Give the records back exactly as written, but without the images.

[[ EXTRACTED ENTRIES, beginning ]]

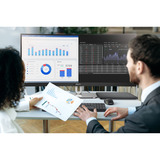 Philips 34B2U5900C/00 34" 4K UHD UltraWide monitor Zilver, HDMI, DisplayPort, Audio, LAN, USB-C, 120 Hz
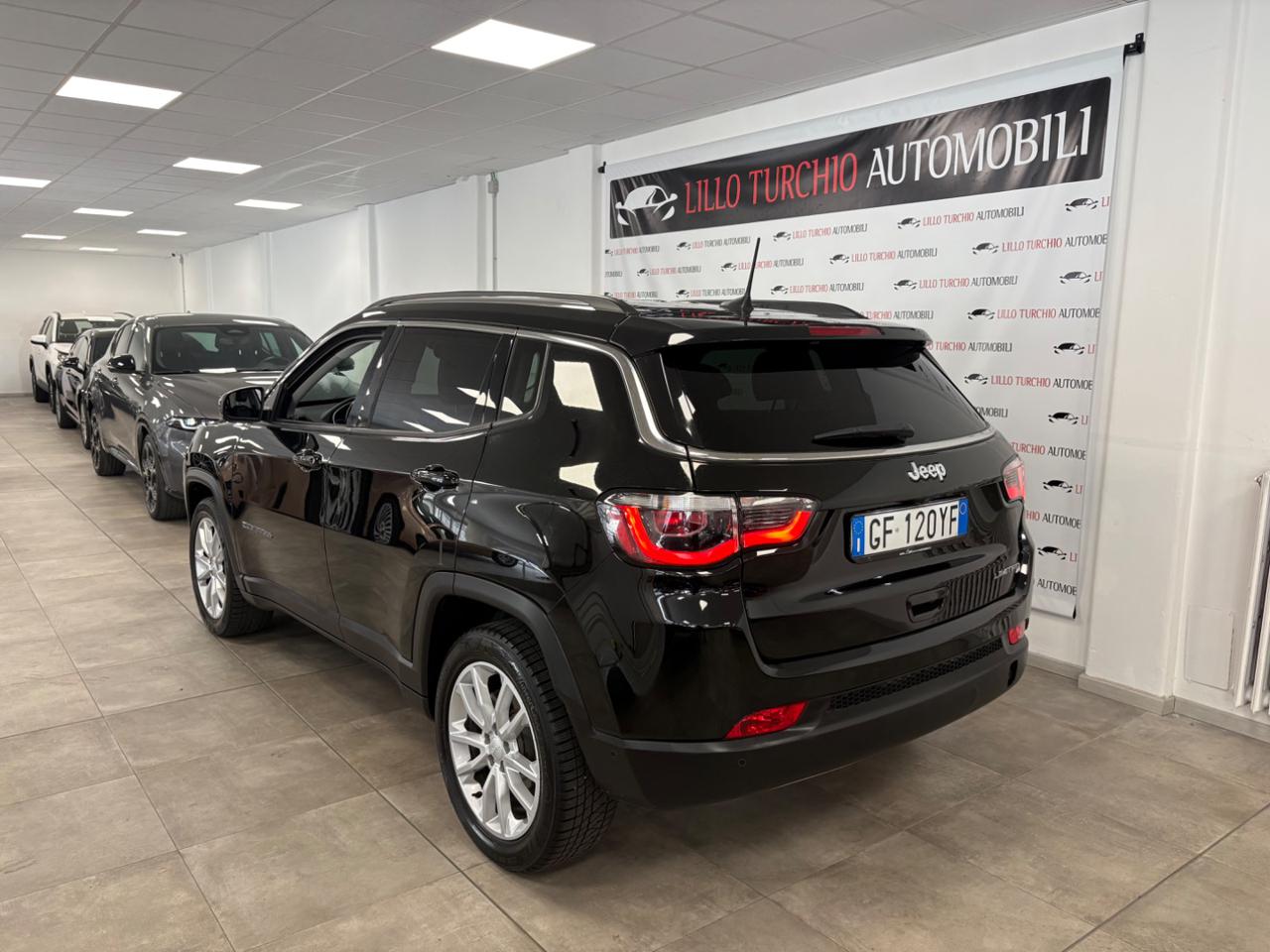 JEEP Compass 1.3 Turbo T4 150 CV aut. 2WD Limited - 4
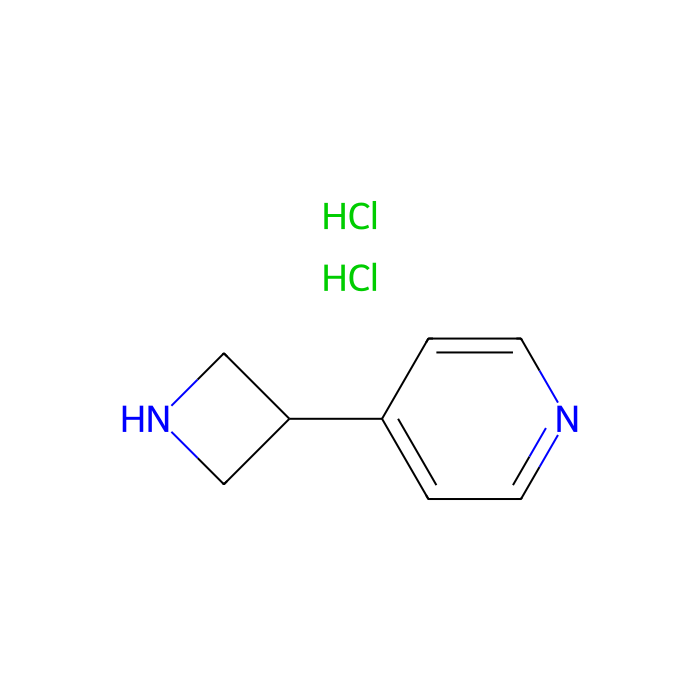 4-(azetidin-3-yl)pyridine;dihydrochloride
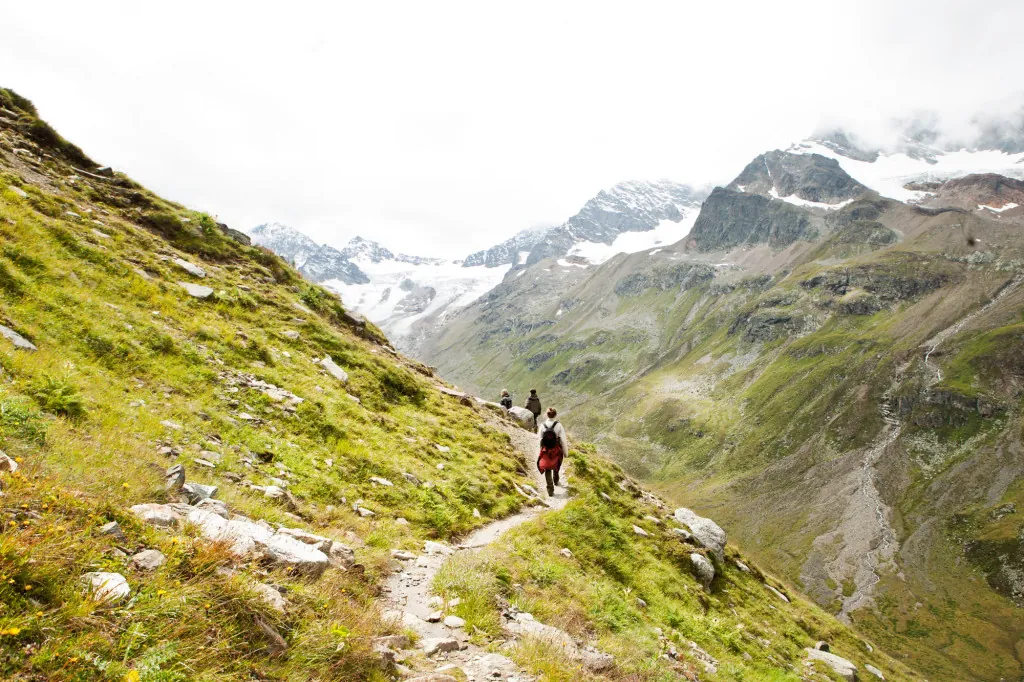 Wat maakt de Adlerweg in Tirol uitdagend?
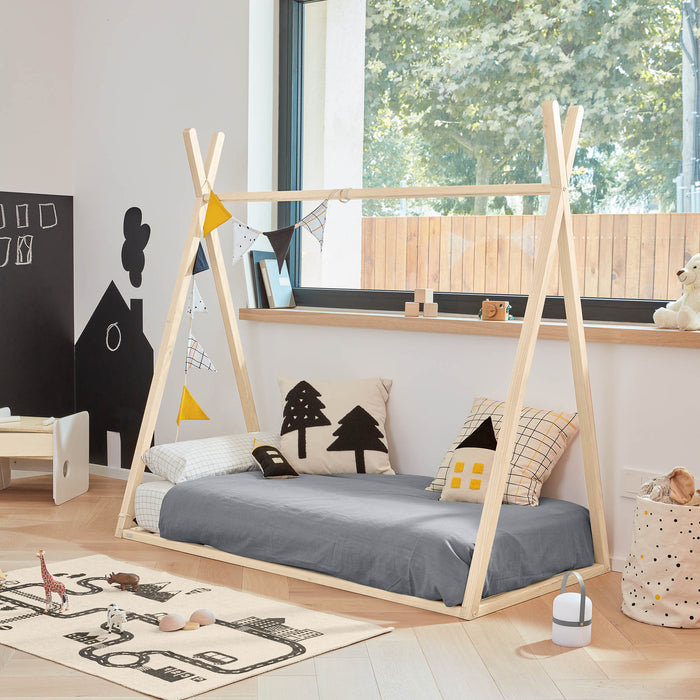 Kave Home Maralis Tipi Peuterbed 70 x 140 cm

[[ EXTRACTED ENTRIES, end ]]

[ANSWER]
 Philips 34B2U5900C/00 34" 4K UHD UltraWide monitor Zilver, HDMI, DisplayPort, Audio, LAN, USB-C, 120 Hz
 JEEP Compass 1.3 Turbo T4 150 CV aut. 2WD Limited - 4
 4-(azetidin-3-yl)pyridine;dihydrochloride
 Wat maakt de Adlerweg in Tirol uitdagend?
 Kave Home Maralis Tipi Peuterbed 70 x 140 cm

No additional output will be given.